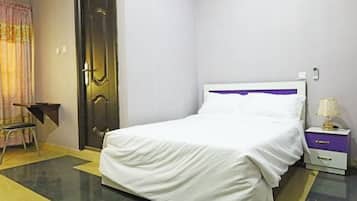 Habitación superior | Ropa de cama de alta calidad y decoración individual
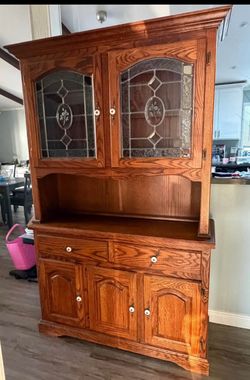 Solid wood buffer hutch also has lights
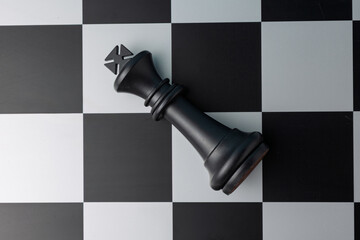 Fallen black king chess piece lying on chessboard
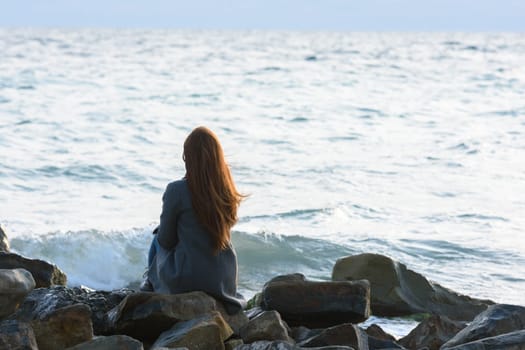 A lonely girl sits on the rocks by the sea and looks into the distance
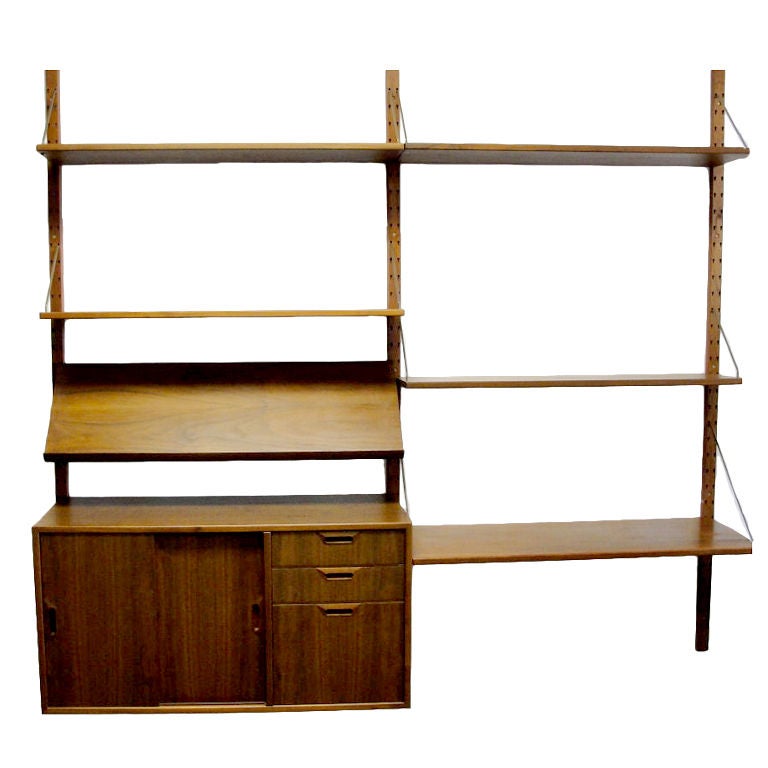 Cado System by Poul(Paul)Cadovius. Made in Denmark. Consisting of teak shelves (not pressboard) and brass hardware measuring 79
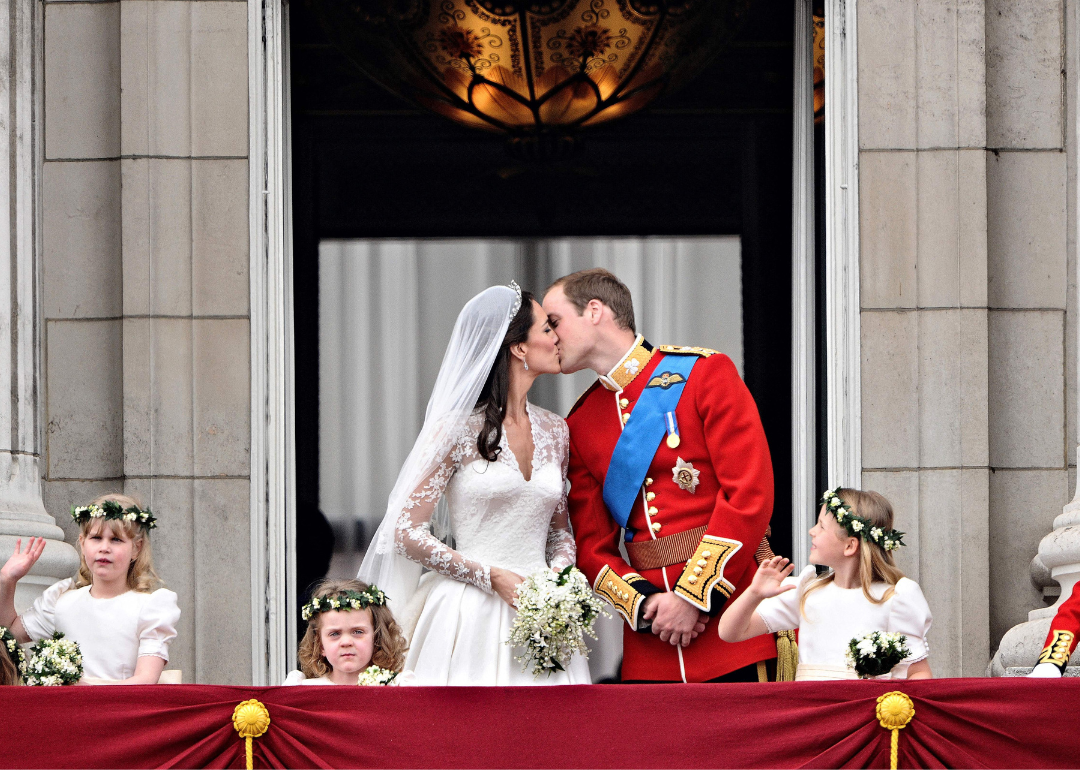 Prince William kisses his wife Kate on the balcony of Buckingham Palace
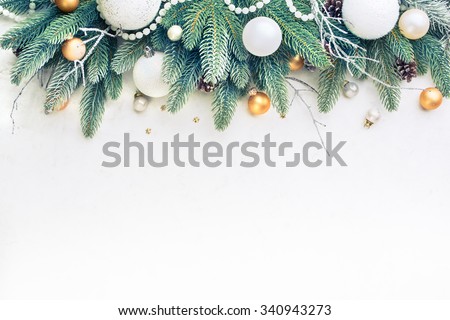 Christmas Tree Pine Branches and Christmas balls on a light background. Royalty-Free Stock Photo #340943273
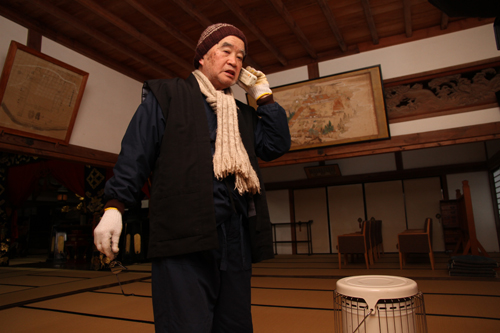 本堂内のストーブから発火した想定で、119番通報する岩田住職
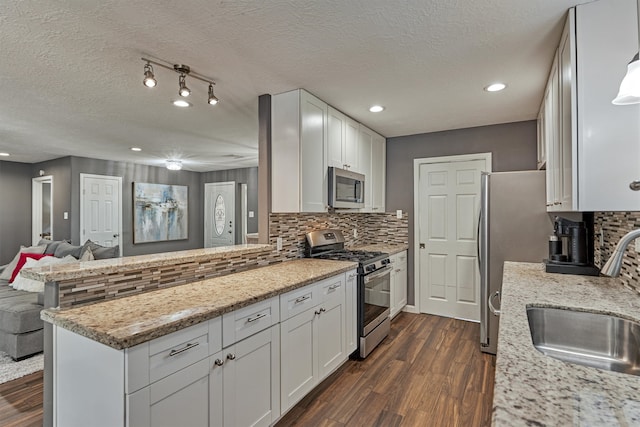 kitchen featuring dark hardwood / wood-style flooring, white cabinets, appliances with stainless steel finishes, and sink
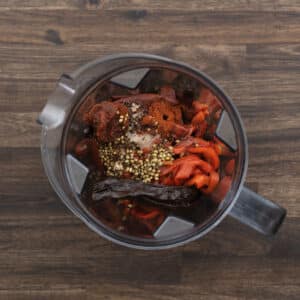A blender jar filled with harissa ingredients.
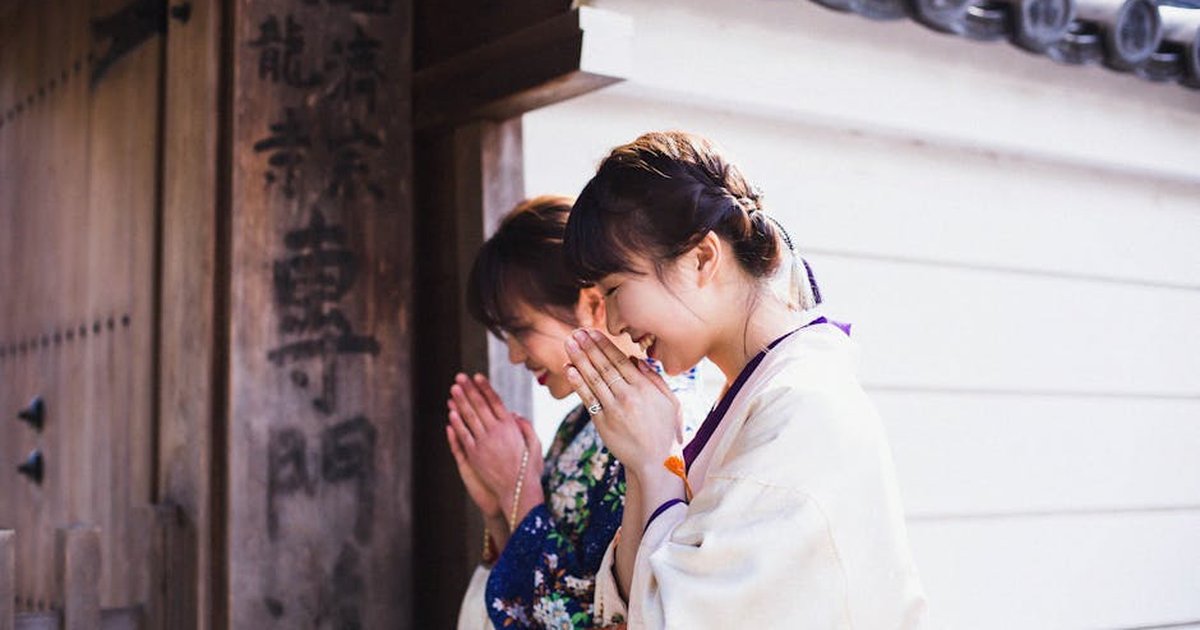 Two women in kimonos praying at a Kyoto temple gate, embracing Japanese tradition.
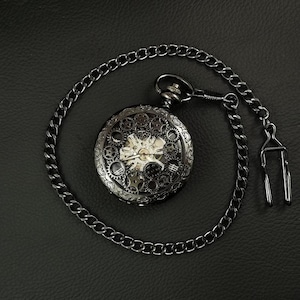 Puede incluir: Un reloj de bolsillo plateado con una cadena negra y engranajes intrincados visibles a través de la esfera.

> **WHAT TO WORK ON**
Write out the lines from the start of the material to the line with "A lonely girl", inclusive and exactly. Skip the pictures.

> **RESULT**
 Habitación superior | Ropa de cama de alta calidad y decoración individual
 Solid wood buffer hutch also has lights
 Fallen black king chess piece lying on chessboard
 A lonely girl sits on the rocks by the sea and looks into the distance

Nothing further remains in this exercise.